▶ [WORK TASK]:
Please restate the listing word for word, omitting the images.

▶ [INPUT DATA]:
= = = = =

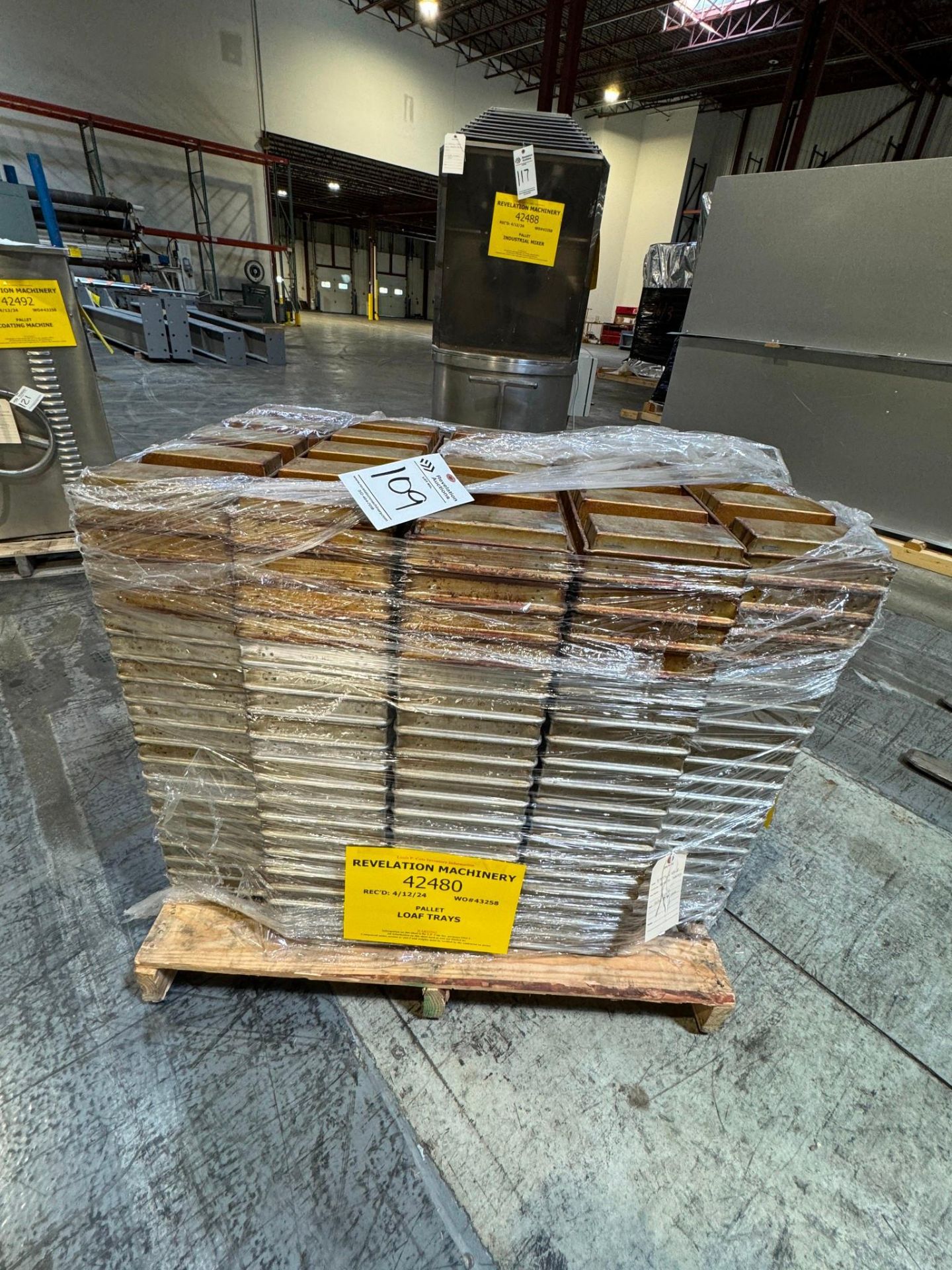 PALLET OF 128 1LB LOAF PANS ($470 LOADING FEE PER TRUCK)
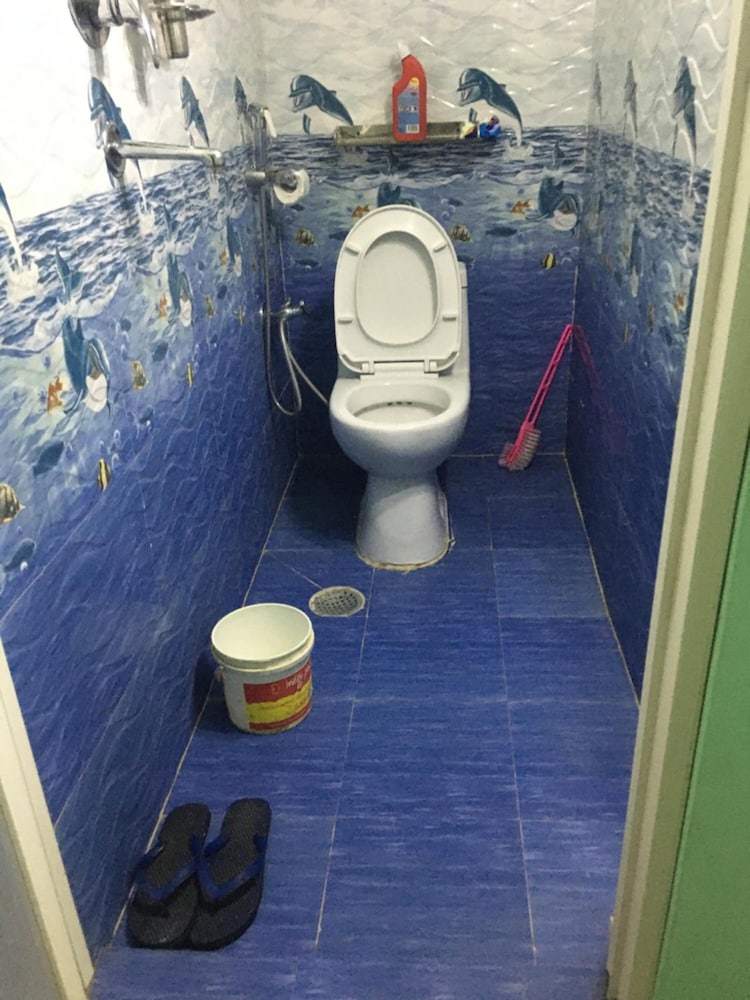 Sara's Backpackers Hotel 58/74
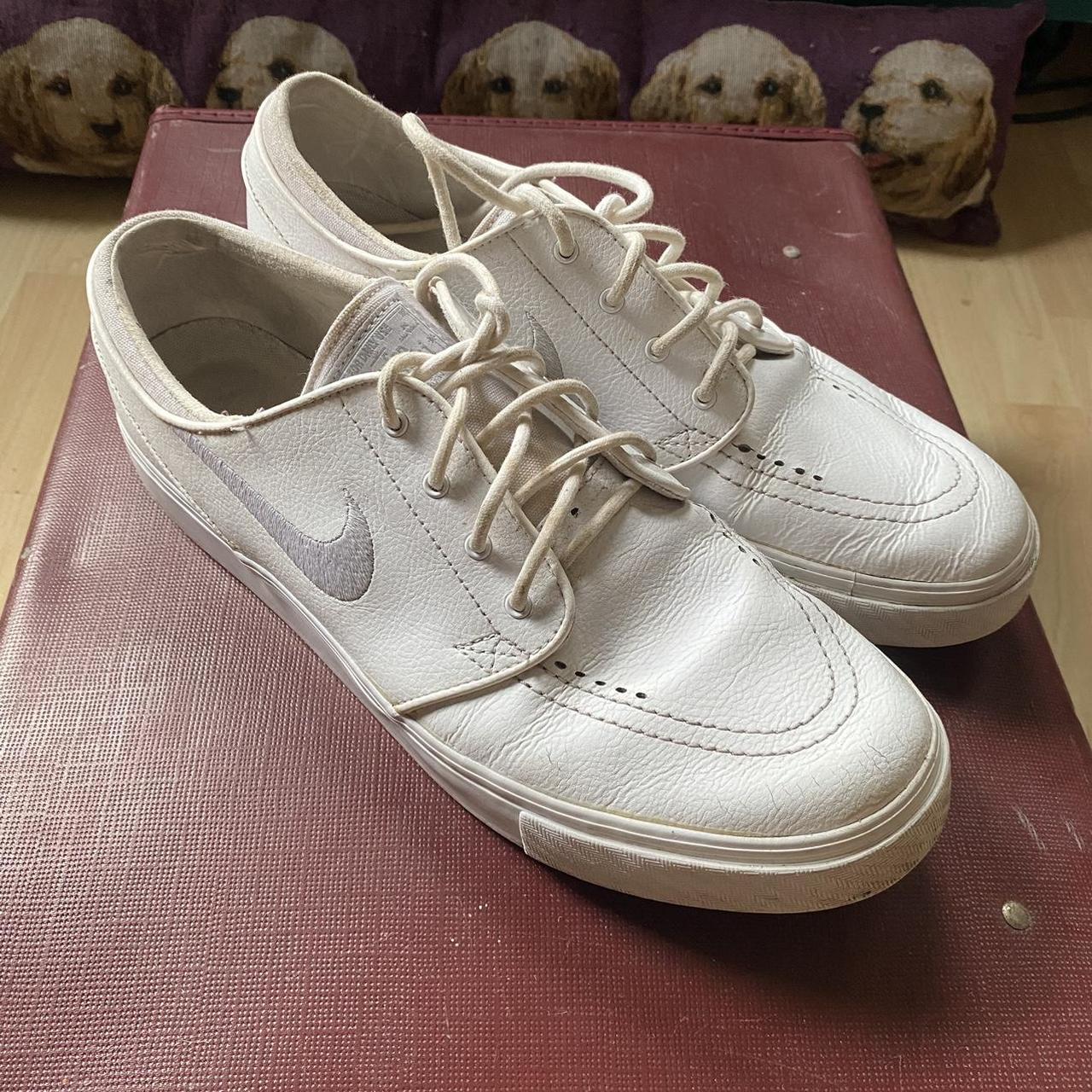 Nike janoski size on sale 9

= = = = =

▶ [EXERCISE RESPONSE]:
 PALLET OF 128 1LB LOAF PANS ($470 LOADING FEE PER TRUCK)
 Sara's Backpackers Hotel 58/74
 Nike janoski size on sale 9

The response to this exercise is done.